Collected data:

◇ ◇ ◇ ◇

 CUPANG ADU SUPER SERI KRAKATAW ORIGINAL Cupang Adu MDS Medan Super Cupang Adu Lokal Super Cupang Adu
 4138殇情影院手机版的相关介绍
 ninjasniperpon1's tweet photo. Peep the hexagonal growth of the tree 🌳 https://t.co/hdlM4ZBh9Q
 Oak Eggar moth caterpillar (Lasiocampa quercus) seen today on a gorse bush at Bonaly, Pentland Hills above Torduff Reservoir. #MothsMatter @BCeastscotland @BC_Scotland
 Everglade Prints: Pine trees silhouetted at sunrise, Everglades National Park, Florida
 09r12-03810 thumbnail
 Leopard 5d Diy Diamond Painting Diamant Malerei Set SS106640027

◇ ◇ ◇ ◇

What to work on:
Write out the lines above exactly, but only from the one containing "ninjasniperpon1's tweet photo." through the last one.

Solution to the problem:
 ninjasniperpon1's tweet photo. Peep the hexagonal growth of the tree 🌳 https://t.co/hdlM4ZBh9Q
 Oak Eggar moth caterpillar (Lasiocampa quercus) seen today on a gorse bush at Bonaly, Pentland Hills above Torduff Reservoir. #MothsMatter @BCeastscotland @BC_Scotland
 Everglade Prints: Pine trees silhouetted at sunrise, Everglades National Park, Florida
 09r12-03810 thumbnail
 Leopard 5d Diy Diamond Painting Diamant Malerei Set SS106640027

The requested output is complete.